Adventskonzert der Alten Landesschule mit Instrumentalisten und Chorgesang

Beifall für volle Klangpracht

„Last Christmas“ von George Michael: Der Auftritt des gemischten Chores weckte schon Vorfreude auf das nächste Konzert der ALS.

Korbach. - Die Kilianskirche war Schauplatz des Adventskonzerts der Alten Landesschule. Instrumental-Ensembles und Chöre sorgten für einen kurzweiligen Abend.

Advent habe immer auch mit Erwarten zu tun, Wartezeit könne man totschlagen oder als eine erfüllte Spanne erleben, so Direktor Robert Gassner in seiner Begrüßungsansprache. Die jugendlichen Musiker des Korbacher Gymnasiums sorgten für einen unterhaltsamen Abend, in dessen Verlauf die Wartezeit von einem gelungenen Auftritt zum nächsten nicht allzu lang wurde.

Als schmissige Ouvertüre zum facettenreichen Adventsprogramm spielte das Bläservororchester unter der Leitung von Marco Werchner „White Christmas“. Mit „Jingle Bells“ legte die von Michael Kuhaupt unterrichtete Saxofongruppe I gleich den nächsten Winterklassiker aus der neuen Welt nach, während die Trompetengruppe von Rouven Tewes mit hellen Klängen und „O du fröhliche“ die deutsche Weihnacht einläutete.
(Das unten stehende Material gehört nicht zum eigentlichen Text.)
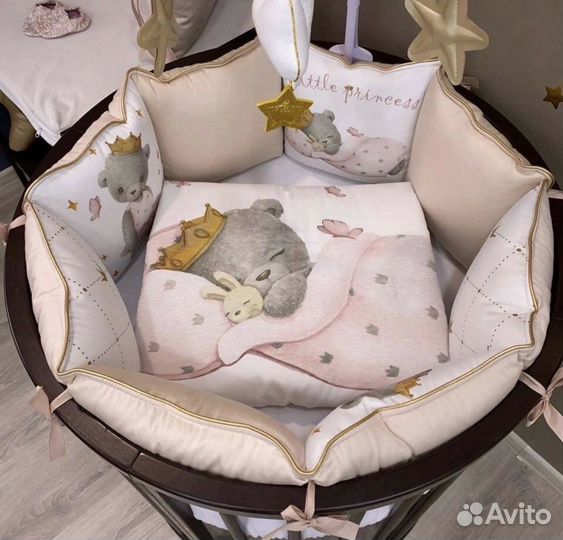 Мягкие бортики для детской кроватки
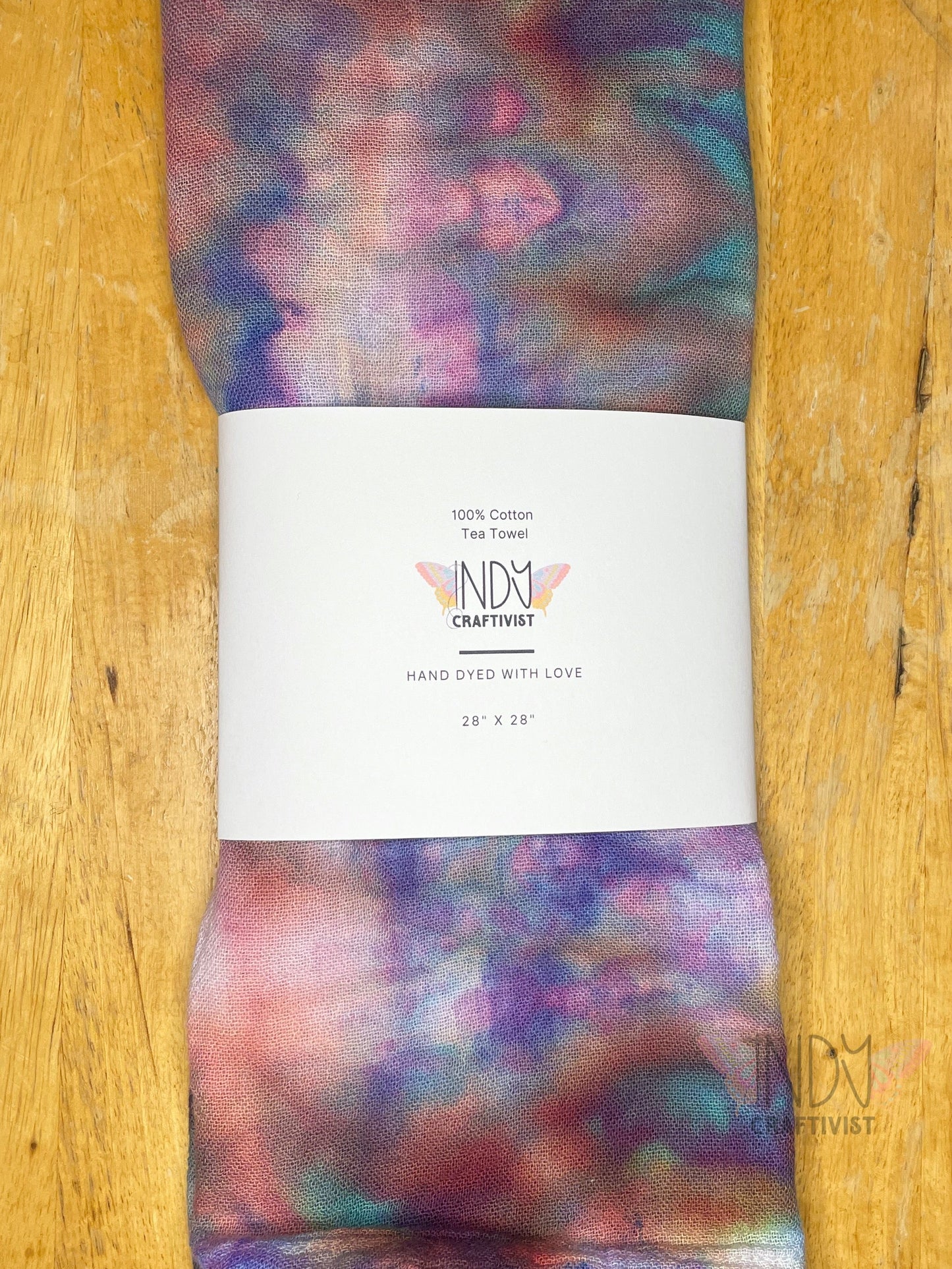 Ice Dyed Tea Towels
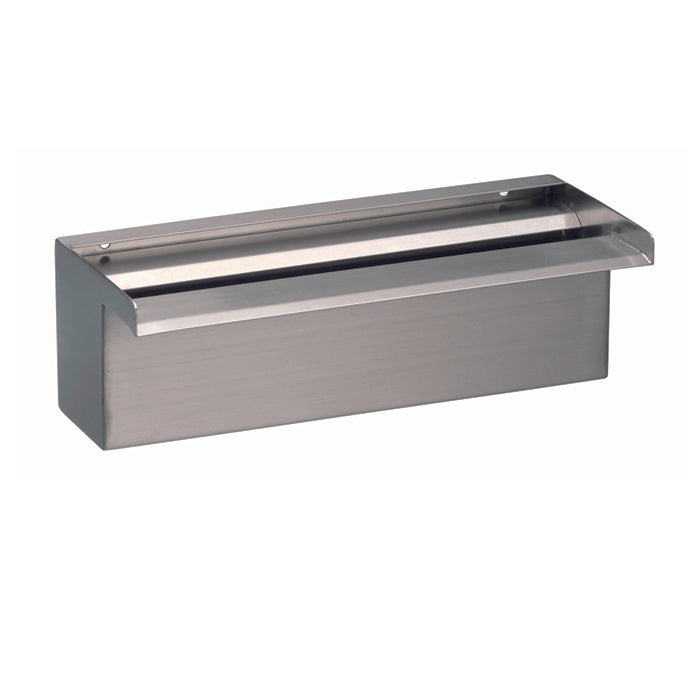 NIAGARA 30 - cascade - Inox 304, incl. connecteur 1" - H10 x 30 x 12,5 cm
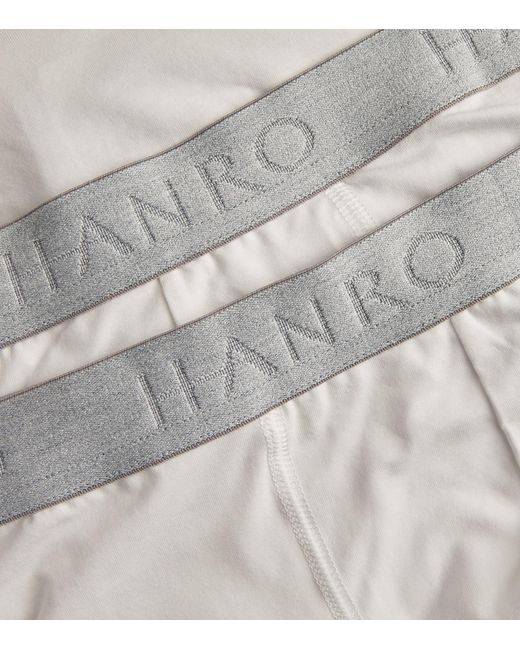 Hanro White Cotton-Blend Essential Trunks for men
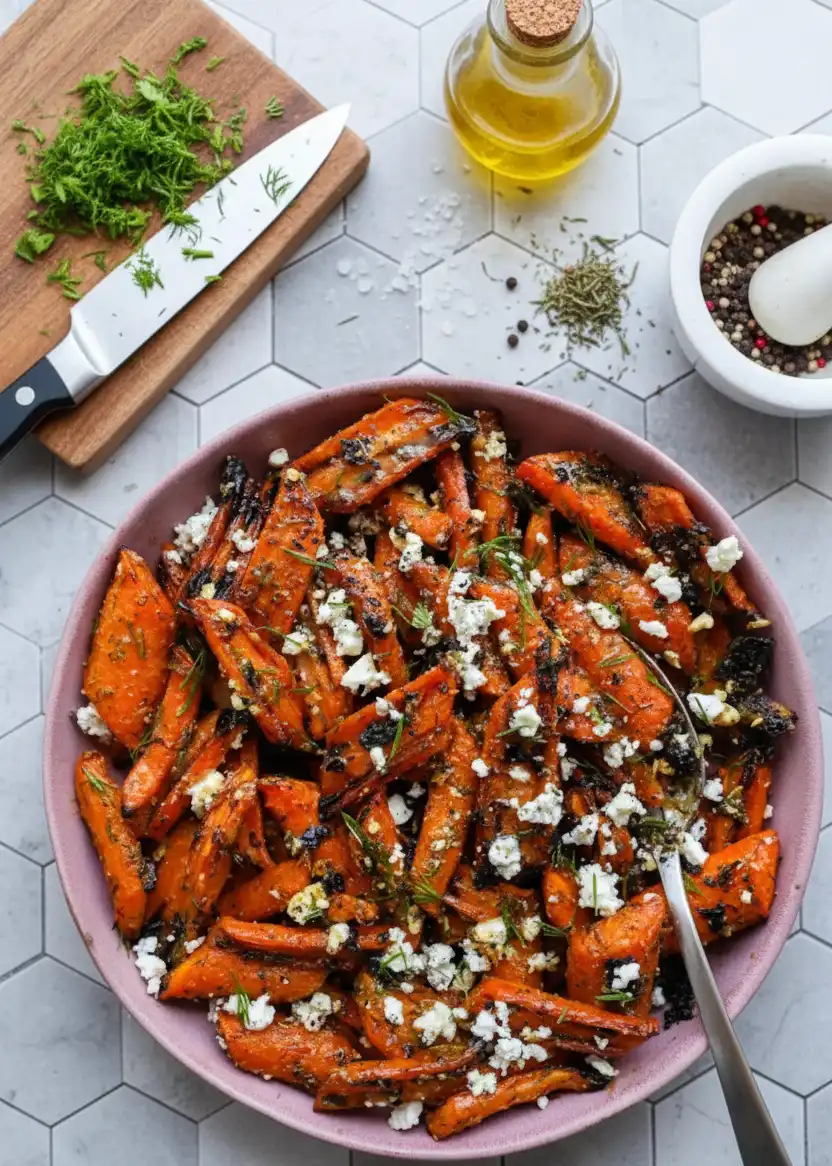 Lemon Dijon Roasted Carrots: A Tangy Twist on a Classic Side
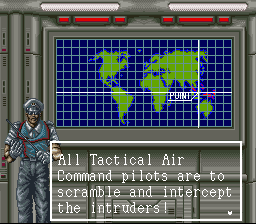 Lock On (SNES) screenshot: The mission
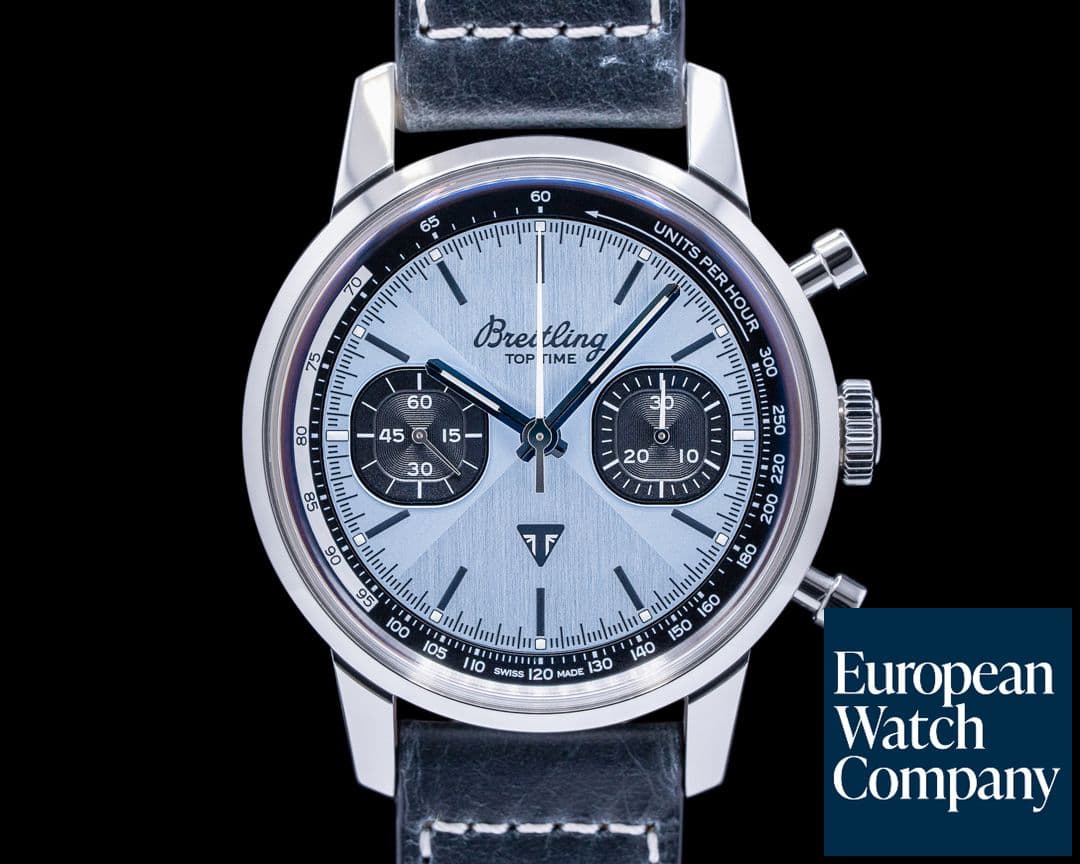 Image of Breitling Top Time B01 Triumph Blue Dial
Die Flötengruppe von Alexandra Jost beendete mit „We wish you a merry Christmas“ erst einmal den vorweihnachtlichen Reigen. James Horners „My ­Heart will go on“ in der Interpretation durch das Bläservororchester gehört zwar nicht zum Kanon, vertiefte aber trotzdem die feierliche Stimmung.

Was Weihnachten seit über 2000 Jahren nicht alles aushalten muss, war Gegenstand der Lesung von Pfarrer Heßler, der einen ebenso nachdenklich stimmenden wie erheiternden Text von Iris Berben ausgewählt hatte.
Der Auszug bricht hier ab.